# san francisco "f" line streetcars



## yarrow (Jan 28, 2007)

on our recent san francisco trip we each got a citypass(great deal for museum admissions)which included a 7 day muni pass for each. we went in the offseason which meant the cable cars were not crowded and we could jump on and off one whenever we wanted.

the beautifully restored "f" line streetcars are used by locals and tourists alike. wonderful cars from all over the world maintained in their original colors(we rode old san francisco cars, philadelphia cars, milan, italy cars, los angeles cars and more). when you are in sf, don't miss them.


----------



## MrFSS (Jan 28, 2007)

They are fun to ride. I was there a couple of years ago and we rode this one.







This was a really old one we saw.


----------



## yarrow (Jan 28, 2007)

MrFSS, the orange car is from milan, italy. we rode it. beautiful polished wood interior with all signs still in italian. when you request a stop, a lighted sign flashes "fermata"(stop in italian, i think)


----------



## MrFSS (Jan 28, 2007)

yarrow said:


> MrFSS, the orange car is from milan, italy. we rode it. beautiful polished wood interior with all signs still in italian. when you request a stop, a lighted sign flashes "fermata"(stop in italian, i think)


From fermare ‘to stop’. You are correct.

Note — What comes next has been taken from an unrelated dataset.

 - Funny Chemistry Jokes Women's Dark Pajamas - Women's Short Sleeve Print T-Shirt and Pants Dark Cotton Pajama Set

Also, in music, it means to Hold.
They do really have a bunch of nice cars there.


----------



## sechs (Jan 29, 2007)

"A bunch" is really "not nearly enough."

For obvious reasons, these cars take a little longer to get; and, while there are a number in the pipe, this line is so popular that Muni often runs buses along the route to supplement the street cars.


----------



## Guest (Jan 29, 2007)

I hope you had a good time in San Francisco. I know all about SF MUNI. They run light rail cars underground following the BART line.


----------